A bien y réfléchir, l’économie sociale et solidaire est compatible avec la transition écologique pour différentes raisons. A commencer par le fait que ses organisations n’ont pas pour finalité l’accumulation du capital mais la satisfaction des besoins définis par leurs membres. Une des raisons des difficultés de l’économie sociale et solidaire à changer d’échelle, outre sa dépendance à l’égard des financements publics, tient à cette différence fondamentale qui l’oppose au grand capitalisme. Là où celui-ci poursuit une quête sans fin de profit et voit dans une croissance elle-même sans fin le moyen de la satisfaire, l’économie sociale et solidaire cultive une forme de « sobriété entrepreneuriale volontaire », qui la conduit souvent à se contenter d’assurer la pérennité de ses organisations dès lors qu’elles répondent aux missions pour lesquelles elles ont été créées. La quête du pouvoir pour le pouvoir est parfois présente au sein de l’ESS, mais elle demeure l’exception plus que la règle…

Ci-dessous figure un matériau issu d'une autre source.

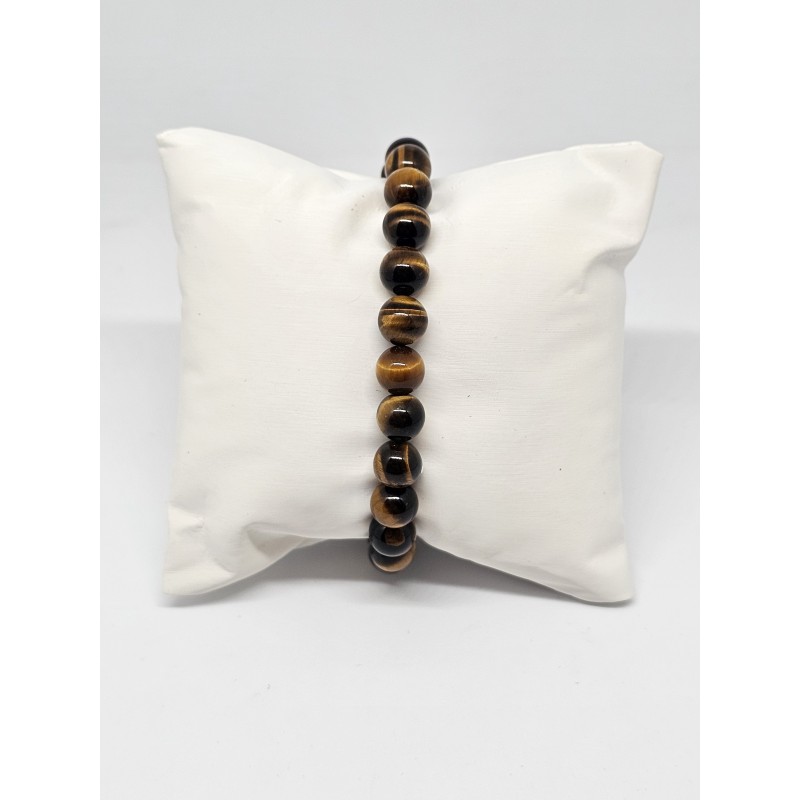 Bracelet boule 8mm Œil de tigre – Protection, courage et chakra du plexus solaire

Une autre raison rend l’économie sociale et solidaire écolo-compatible. Elle tient à la nature des biens et services qu’elle produit. A la différence d’un capitalisme qui produit trop souvent des biens qui n’ont d’autre valeur que de permettre aux plus aisés d’affirmer leur différence sociale, l’économie sociale et solidaire produit des biens et services à forte utilité sociale, et dont la valeur n’est pas diminuée quand tout le monde en bénéficie voire s’en trouve accrue : santé, culture, éducation… 

L’ESS contribue à assurer l’accès de tous aux biens communs. Cette dynamique qui consiste à produire plus de liens que de biens, et sur un mode plus égalitaire, préfigure la société post-croissance qu’il nous faut construire. Car la condition d’une transition écologique acceptée et réussie est qu’elle se traduise aussi par des gains de bien-être pour chacun comme pour tous. L’ESS ne peut évidemment pas suffire à relever tous les défis auxquels nous sommes confrontés mais elle peut y contribuer.